Feb. 11, 2014
Amid a growing clamor for change, the New York State Board of Regents adopted several measures meant to improve the implementation of the Common Core Learning Standards at its meetings Feb. 10-11. Gov. Andrew Cuomo responded with a call for any changes to await legislative recommendations from his recently appointed Common Core panel.
Berne-Knox-Westerlo and others across the state are now beginning the process of understanding what this means for students and educators.
A Regents work group report, initially presented to the Board of Regents P-12 Education and Higher Education Committees, made a variety of recommendations on Common Core implementation. Those recommendations included providing more funding for instructional development and resources related to the Common Core, delaying the phase-in for Common Core-aligned Regents exams, reducing field testing, providing more testing and curriculum options for students with disabilities and English language learners, capping testing time, and a variety of other measures. Click here to view the full report [PDF].
The Board of Regents adopted the full report, with one exception. It plans to invite further public comment and review before acting on a measure related to the termination of teachers based on ineffective evaluations.
Under the changes that were made, the class of 2022 – not the class of 2017 – will be the first class to face new higher graduation requirements based on the Common Core Regents exams. This means the full phase in of these new exams will occur 12 years after the standards were adopted in 2010. The Regents also passed new measures meant to change how local testing is used to inform teacher and principal evaluations. This includes eliminating local traditional standardized tests used to inform teacher evaluations for grades K-2, and capping the instructional time that can be used for local assessments used to inform teacher evaluations at one percent.
“We’ve heard the concerns expressed at the hearings and forums, and we regret that the urgency of our work, and the unevenness of implementation, have caused frustration and anxiety for some of our educators, students, and their families. This report is designed to make significant and timely changes to improve our shared goal of implementing the Common Core,” Board of Regents Chancellor Merryl H. Tisch said in a news release.

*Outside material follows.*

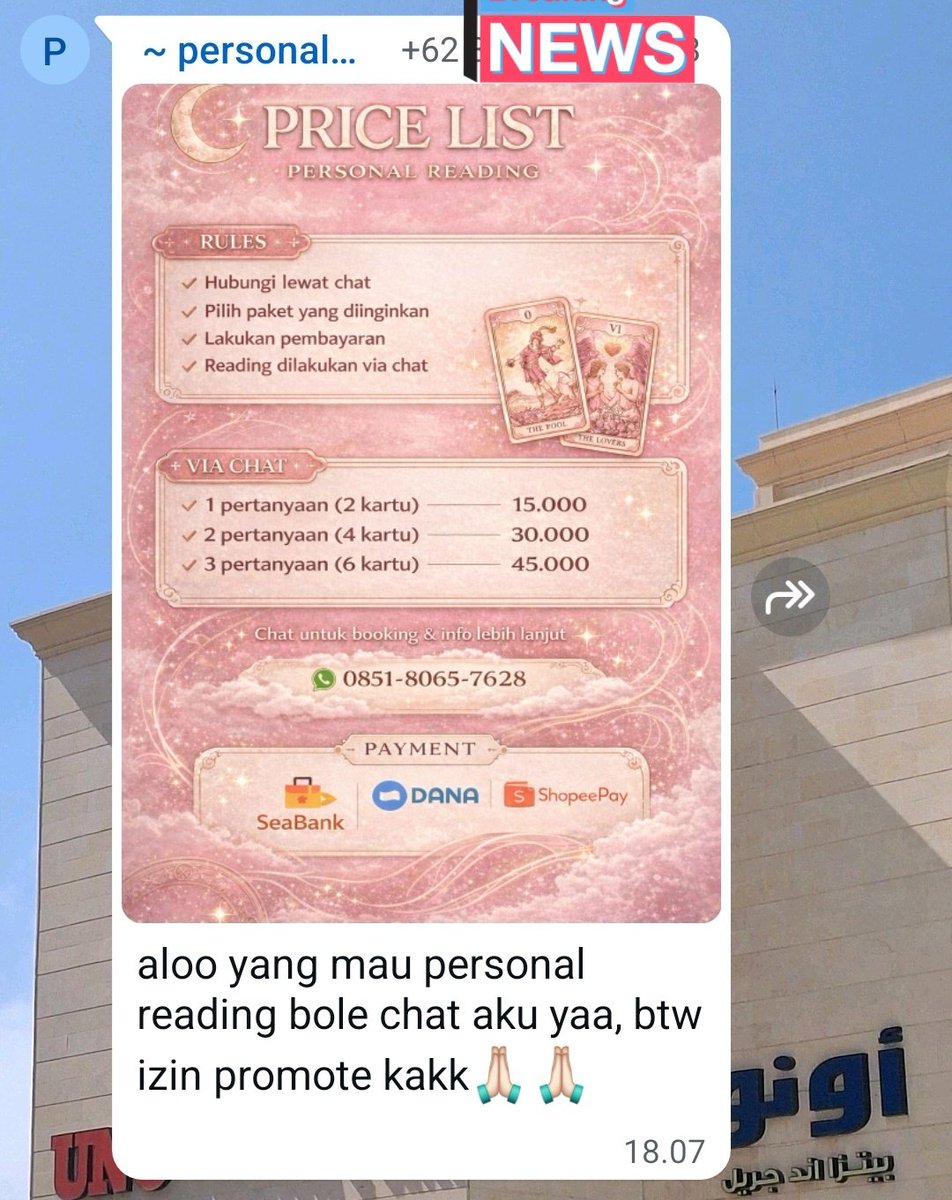 https_porns's tweet image. menggoda bgt anj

The governor issued a formal statement in response to the report. In it, he praised the Common Core, but criticized its implementation in New York.
“I have created a commission to thoroughly examine how we can address these issues. The commission has started its work and we should await their recommendations so that we can find a legislative solution this session to solve these problems,” said Cuomo.
BKW school leaders will update parents, students and teachers affected by these measures as more is learned about what they mean locally and when they might officially take effect.